The Vaucluse Junior or Vee Jay was the popular craft for the new club (see two photos of VJs on the Club foreshore; some with taller rigs may be Vaucluse Seniors). According to State Heritage the first yacht race was 13 January 1946 and the official clubhouse opening 18 November 1946. Jim built three Vee Jays and raced them. One was called Metis, shown in attached photos as SP14 with a wavy-shaped insignia. Besides the clubhouse photos there is one with his VJ on a paperbark lined foreshore, one with his wife-to-be Evelyn and sister Peg, and another on the opposite Applecross foreshore with Ev, his father-in-law Will (who lived on Canning Beach Road) and the SPYC clubhouse in the background. I recall one of Dad’s Vee Jays with varnished plywood deck, a sole straight leaning plank (later to be two curved ones) and a small, deep rectangular inset for keeping sheets tidy (later to be a shallow dish-like depression). By the 1970s VJ racing was in decline; however today, there is one on display at the Western Australia Maritime Museum, Fremantle.

I have a hazy memory of going to the Como-based club with Dad (up to the age of 12). I do clearly recall the day a couple of yachts needed rescuing from entanglement with the cross-river floating pipework that took dredged river sediment to the foreshore as a foundation for the coming freeway. With the Club under pressure to relocate, Jim and Max Shean suggested the Coffee Point site, requiring a small name change.

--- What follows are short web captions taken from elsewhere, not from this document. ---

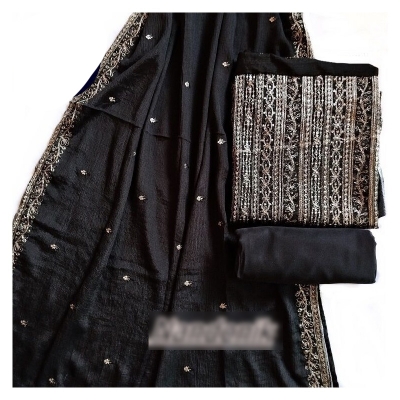 Picture of Exclusive Party Wear Unstitch Three Piece With Extra Sleevs and Inner Multicolor,Un-stitched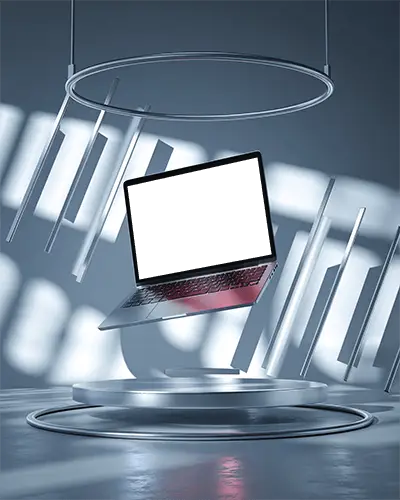 Futuristic Floating M1 Pro Mockup Inside Metallic Ring Frame With Abstract Light Shadows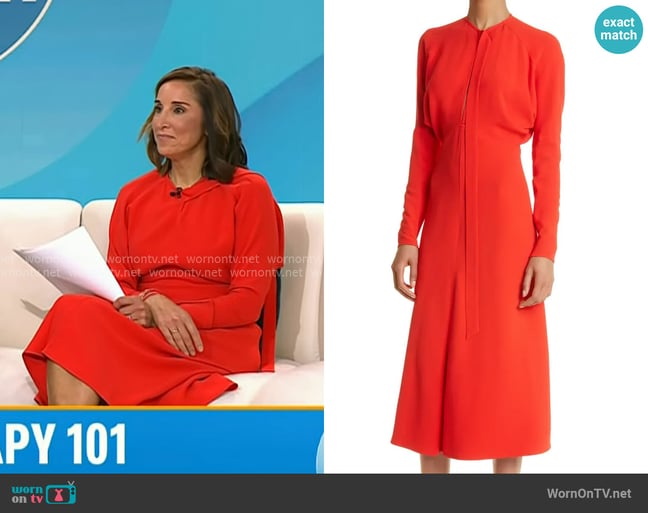 Victoria Beckham Updated Dolman Long Sleeve Fluid Cady Midi Dress worn by Yasmin Vossoughian on Today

Jim recounted one sailing story in another interview with his grandson. ‘One day I sailed over [to] a fleet race over at the Mounts Bay Yacht Club which everyone went to and joined in; club to club races, then you came home.  It was getting pretty dark by then, and I’m sailing back on the VJ.  They had a swinging plank on the VJ.  When you haven’t got enough weight to hold it up against a stiff breeze you got out on this plank and held on out there and lever it against the breeze.  You go faster you see.  Frank McGrath was my forward hand, and I said to Frank “Here you are then – now is your chance – you take the tiller and I’ll get on the swinging plank.” So he could have a go. I got out on the swinging plank and heaved and heaved as much as I could to keep the boat upright and, snap, the swinging plank broke.  I fell into the water and this boat was pelting along before the breeze; no centre plate down because you didn’t need it.  You could go faster without it.  Way down breeze from me and I’m in the water.  He rounded up further down and he says “Hang on Jim, I’ll get the plate down, I’ll get back”.  Which he did. He got the plate down and he sailed against the breeze back to me and picked me up.  I would say if it wasn’t Frank McGrath I wouldn’t be here today because all the other forward hands I had would never be capable of doing that.’

Meanwhile, my Uncle Fred had also joined the club from June 1946 (according to the memorial photo donated to the South of Perth Yacht Club by his wife Slope (Alison)). I have shared two photos of un-named boats moored at the Como-based club, one a gaff-rig with Fred standing alongside me as a young boy. This may have been his boat. In my time Fred and Slope owned a modest-sized power boat and competed in South of Perth Yacht Club time trials, while also taking it to Rottnest and Garden Islands.

In this photograph of the first ladies’ auxiliary of 1946, it’s possible that in the bottom row were office bearers wives, but the top row is almost exclusively Goss family. – Kate Rutland, Alison Goss, Peg Goss, Evelyn Goss & Doreen Goss.

Peg Goss passed away in 1963, Fred in 1988, Alison in 1996, Doreen in 2002, Jim in 2007, and Evelyn and my brother John in 2014 – ending the Goss family association with the South of Perth Yacht Club.

The above stories have been told to the archive team through a series of emails during which Kevin Goss freely shared stories of his father, his family and those around him on and around the South of Perth Yacht club. The H28 archivist helped with some historical details. Kevin also supplied the photographs and the archive team recognises their wonderful addition to our history.